Your task :: When you reach the line that holds "济南市燕柳小学四（3）中队到济南市水政监察支队参观学习", start copying exactly and keep going through the final line of the data, leaving out pictures.

Given material ::
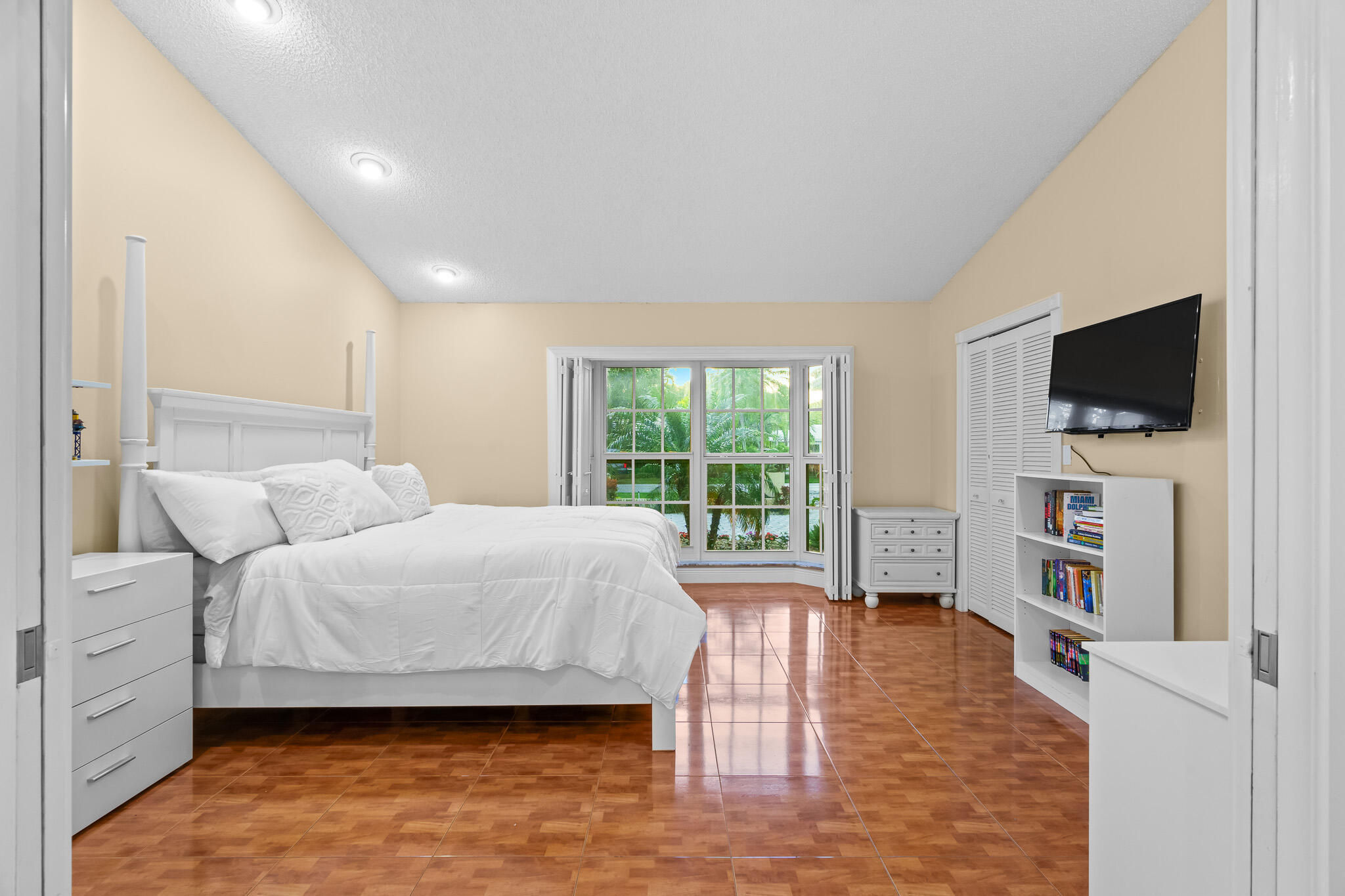 1012 E Cypress Drive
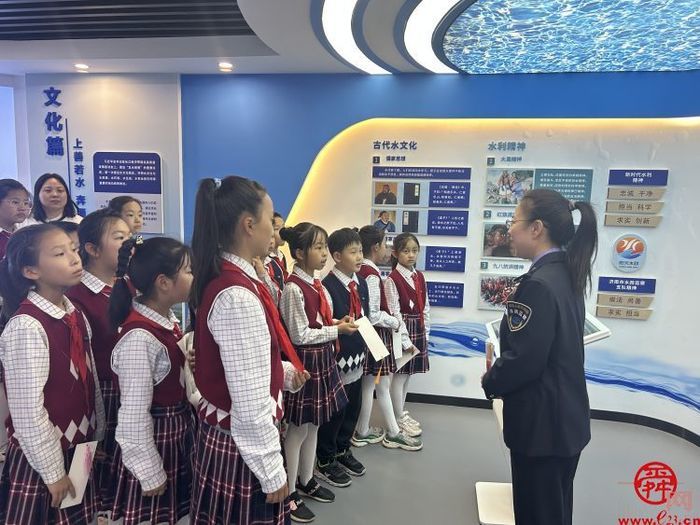 济南市燕柳小学四（3）中队到济南市水政监察支队参观学习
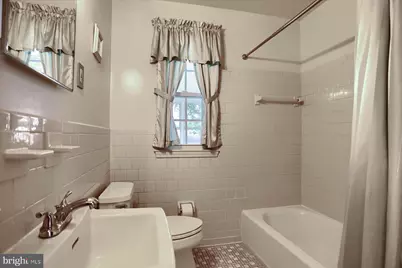 4 Baltimore Avenue, Glen Burnie, MD 21061 - Photo 18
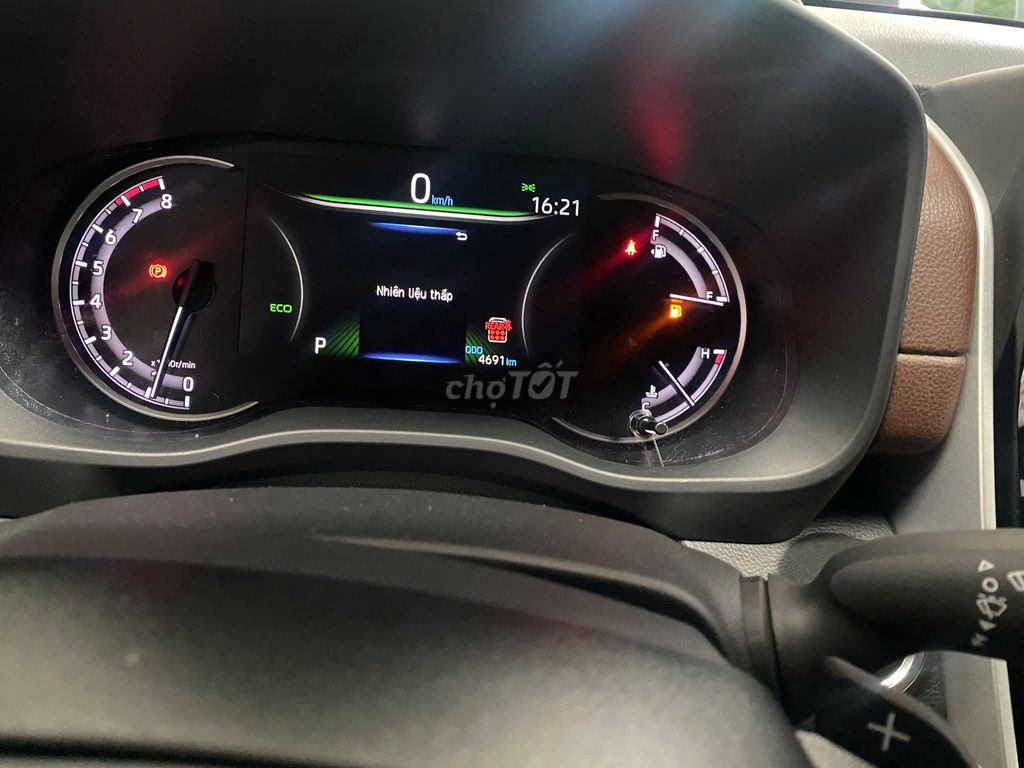 Toyota Innova Cross 2025 lướt, giá tl. Mua bán Ô tô tại Quận Tân Phú Tp Hồ Chí Minh được đăng bởi Thành Nam Toyota  hình 2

Expected answer ::
 济南市燕柳小学四（3）中队到济南市水政监察支队参观学习
 4 Baltimore Avenue, Glen Burnie, MD 21061 - Photo 18
 Toyota Innova Cross 2025 lướt, giá tl. Mua bán Ô tô tại Quận Tân Phú Tp Hồ Chí Minh được đăng bởi Thành Nam Toyota  hình 2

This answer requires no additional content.